Thomas Smet May 31st, 2006 07:10 PM

Avisynth is a great tool that has a lot more power than what most people think it does. Not only can you filter and convert video but you can also edit together multiple segments and animate layers. Think of it as a comand line version of a fully working NLE. The problem is that it is a comand line only text only NLE. This makes it kind of hard to use.

Gian Pablo Villamil May 31st, 2006 08:01 PM

Think of Avisynth as a codec, that accepts script commands, not compressed video.

So basically you create an Avisynth script using a text editor, with a bunch of commands indicating the video source, and the various transformations to apply.

Then you open it up in any AVI compatible application. The app will hand it off to the Avisynth "codec" which will return video frames back to the application. VirtualDub appears to be especially friendly to Avisynth scripts.

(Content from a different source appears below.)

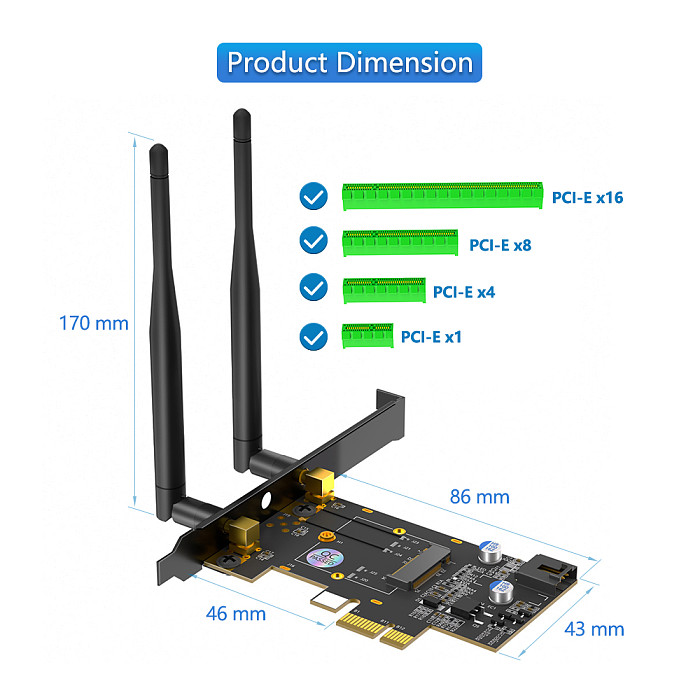 PCIe X1 to M.2 WiFi Bluetooth-compatible  Adapter With Heatsink - Supports A+E Key M.2 Modules, Dual-Band 2.4GHz/5GHz | Desktop Wireless Upgrade Solution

So you could basically write an Avisynth script that opens up a series of files, deinterlaces thems, resizes, blends etc. If you open the script in your NLE, it will "see" the results of the Avisynth commands as if they were just a regular video file. Really quite amazing.

Since Avisynth scripts are just textfiles, it is easy to write programs or scripts that automate repetitive operations.

As far as I can tell, Avisynth contains the best tools for advanced deinterlacing and resizing of video.